ZebraPose: Coarse to Fine Surface Encoding for 6DoF Object Pose Estimation

Yongzhi Su; Mahdi Saleh; Torben Fetzer; Jason Raphael Rambach; Nassir Navab; Benjamin Busam; Didier Stricker; Federico Tombari
In: IEEE/CVF. International Conference on Computer Vision and Pattern Recognition (CVPR-2022), June 19-24, New Orleans, Louisiana, USA, IEEE/CVF, 2022.


Establishing correspondences from image to 3D has been a key task of 6DoF object pose estimation for a long time. To predict pose more accurately, deeply learned dense maps replaced sparse templates. Dense methods also improved pose estimation in the presence of occlusion.
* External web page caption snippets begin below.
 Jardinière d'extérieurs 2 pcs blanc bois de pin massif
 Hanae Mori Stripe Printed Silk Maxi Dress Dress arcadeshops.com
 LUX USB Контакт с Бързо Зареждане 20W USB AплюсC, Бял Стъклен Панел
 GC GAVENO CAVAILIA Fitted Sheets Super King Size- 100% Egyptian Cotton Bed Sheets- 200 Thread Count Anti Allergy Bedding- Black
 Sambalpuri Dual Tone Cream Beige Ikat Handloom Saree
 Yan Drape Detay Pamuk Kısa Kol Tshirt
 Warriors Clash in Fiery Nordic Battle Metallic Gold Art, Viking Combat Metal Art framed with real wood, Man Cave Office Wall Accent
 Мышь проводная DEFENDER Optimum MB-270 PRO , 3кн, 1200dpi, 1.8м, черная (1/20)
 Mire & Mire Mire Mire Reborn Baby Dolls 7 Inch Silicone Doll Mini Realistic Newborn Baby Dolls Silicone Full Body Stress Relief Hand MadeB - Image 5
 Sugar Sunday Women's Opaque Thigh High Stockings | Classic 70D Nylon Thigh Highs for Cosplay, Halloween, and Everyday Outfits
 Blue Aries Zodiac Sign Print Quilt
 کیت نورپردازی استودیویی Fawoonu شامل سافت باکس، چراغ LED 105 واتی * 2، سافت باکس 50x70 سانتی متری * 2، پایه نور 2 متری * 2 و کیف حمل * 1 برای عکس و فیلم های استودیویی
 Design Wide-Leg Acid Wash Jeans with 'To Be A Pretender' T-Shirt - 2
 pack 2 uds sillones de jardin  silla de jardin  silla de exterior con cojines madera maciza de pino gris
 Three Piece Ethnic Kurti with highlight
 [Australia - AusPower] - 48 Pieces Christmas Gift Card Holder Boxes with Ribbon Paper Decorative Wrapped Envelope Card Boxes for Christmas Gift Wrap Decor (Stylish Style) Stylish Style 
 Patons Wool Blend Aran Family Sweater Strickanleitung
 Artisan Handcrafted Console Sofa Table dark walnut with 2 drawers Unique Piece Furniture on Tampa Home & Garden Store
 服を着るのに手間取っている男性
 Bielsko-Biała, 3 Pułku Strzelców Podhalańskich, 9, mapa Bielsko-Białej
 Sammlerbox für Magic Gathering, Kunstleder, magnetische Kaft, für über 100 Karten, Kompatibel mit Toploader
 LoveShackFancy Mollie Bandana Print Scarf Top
More recently researchers have shown improvements by learning object fragments as segmentation. In this work, we present a discrete descriptor, which can represent the object surface densely. By incorporating a hierarchical binary grouping, we can encode the object surface very efficiently. Moreover, we propose a coarse to fine training strategy, which enables fine-grained correspondence prediction. Finally, by matching predicted codes with object surface and using a PnP solver, we estimate the 6DoF pose. Results on the public LM-O and YCB-V datasets show major improvement over the state of the art w.r.t. ADD(-S) metric, even surpassing RGB-D based methods in some cases.